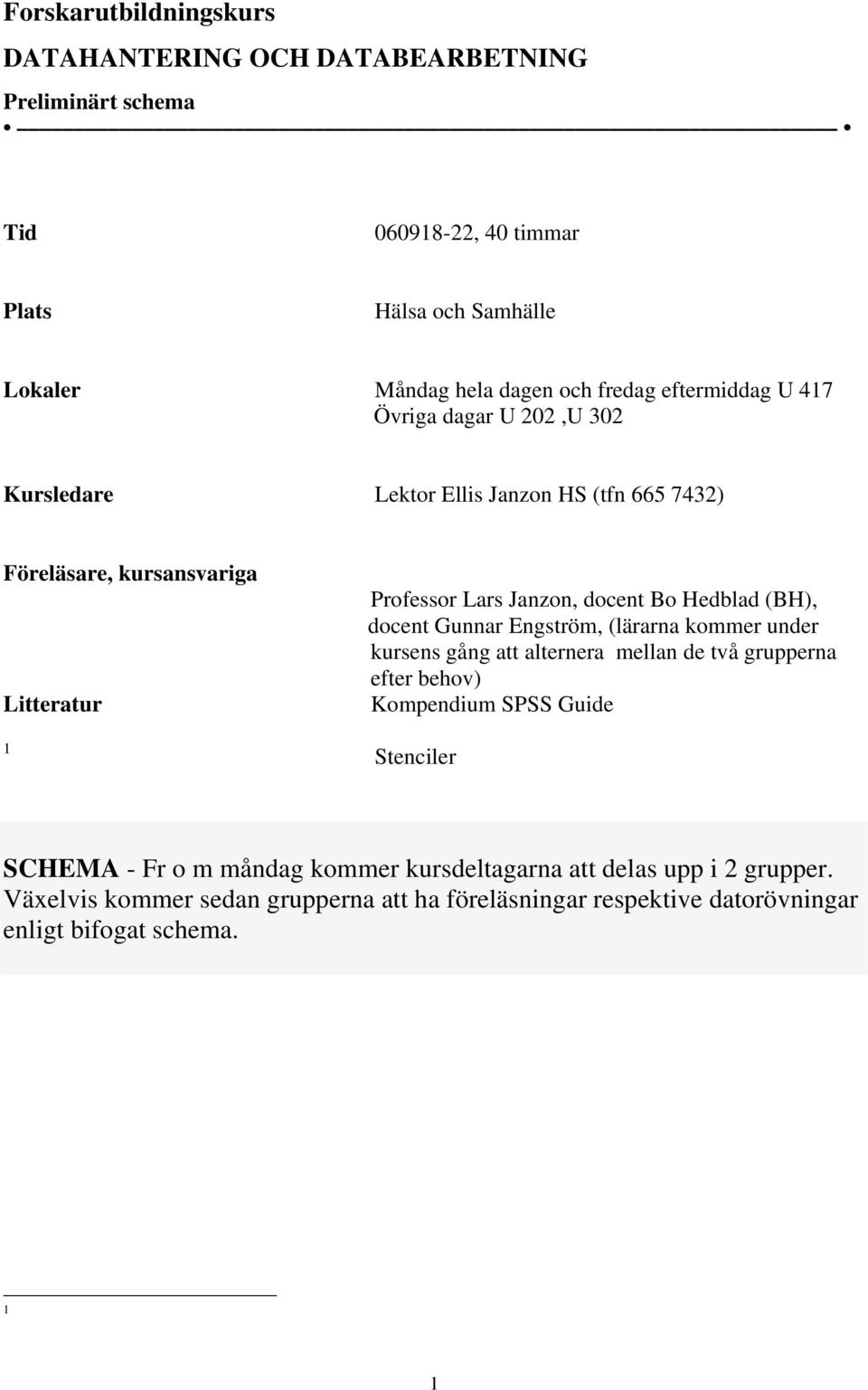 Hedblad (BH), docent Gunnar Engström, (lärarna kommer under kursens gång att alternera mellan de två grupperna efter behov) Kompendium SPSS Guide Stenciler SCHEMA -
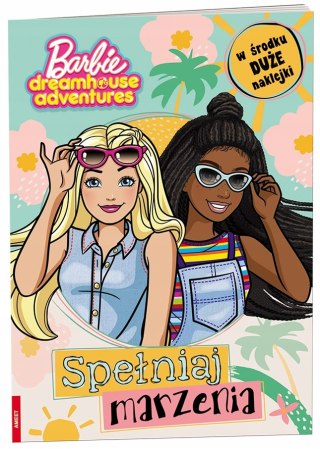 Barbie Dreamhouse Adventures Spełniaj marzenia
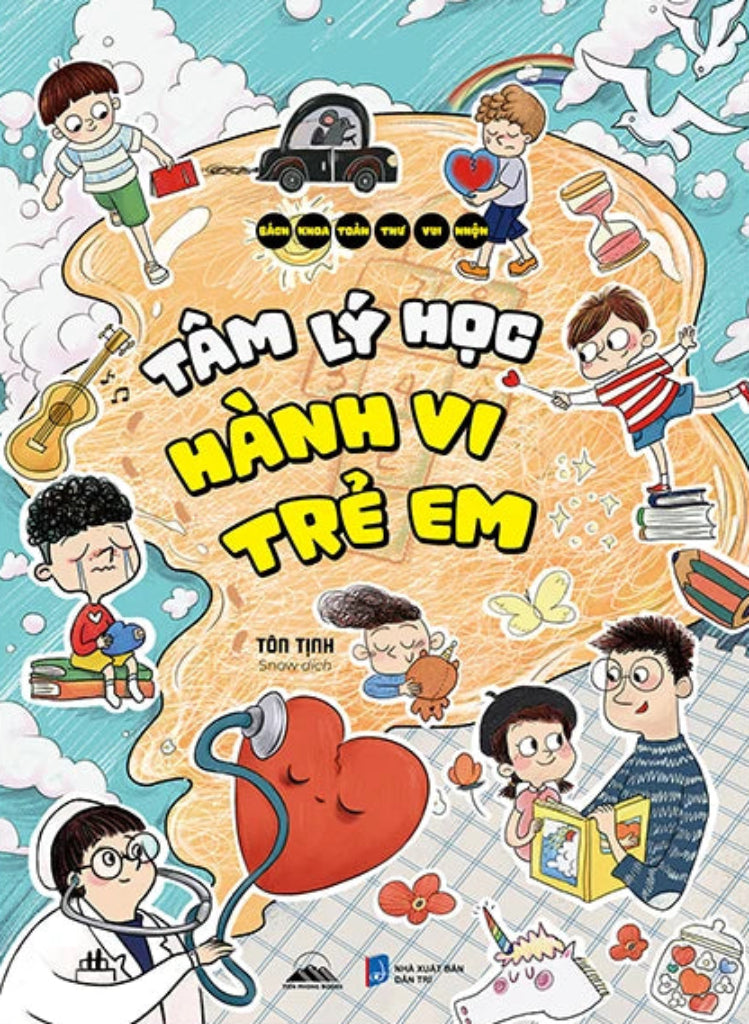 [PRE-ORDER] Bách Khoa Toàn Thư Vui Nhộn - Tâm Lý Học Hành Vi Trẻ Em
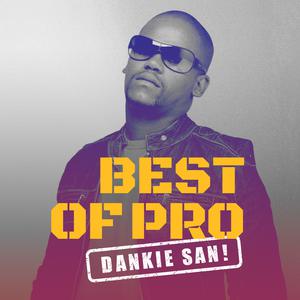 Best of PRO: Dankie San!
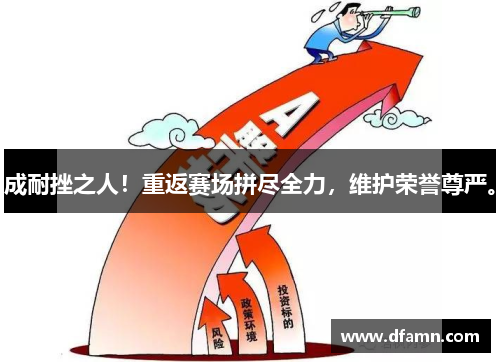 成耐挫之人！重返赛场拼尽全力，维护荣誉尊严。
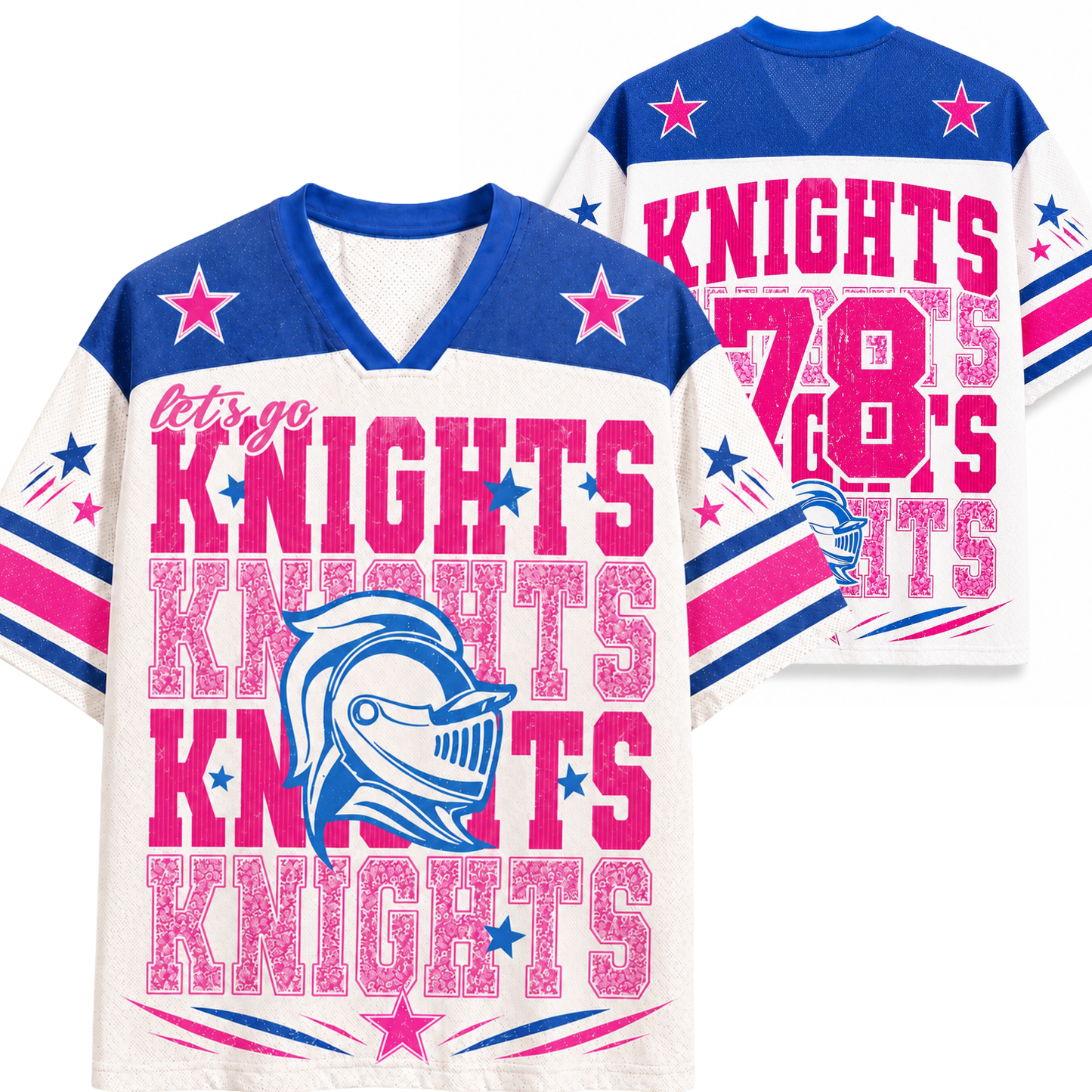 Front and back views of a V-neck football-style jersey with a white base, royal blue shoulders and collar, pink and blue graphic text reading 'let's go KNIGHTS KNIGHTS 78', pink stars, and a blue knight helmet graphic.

● ● ● ● ● ● ●

_DIRECTIONS:_ Your task is to reproduce the entries above word for word, from the first line through the line with "成耐挫之人！重返赛场拼尽全力，维护荣誉尊严。", and please leave out any pictures.

_SOLUTION TO THE EXERCISE:_
 Hedblad (BH), docent Gunnar Engström, (lärarna kommer under kursens gång att alternera mellan de två grupperna efter behov) Kompendium SPSS Guide Stenciler SCHEMA -
 Barbie Dreamhouse Adventures Spełniaj marzenia
 [PRE-ORDER] Bách Khoa Toàn Thư Vui Nhộn - Tâm Lý Học Hành Vi Trẻ Em
 Best of PRO: Dankie San!
 成耐挫之人！重返赛场拼尽全力，维护荣誉尊严。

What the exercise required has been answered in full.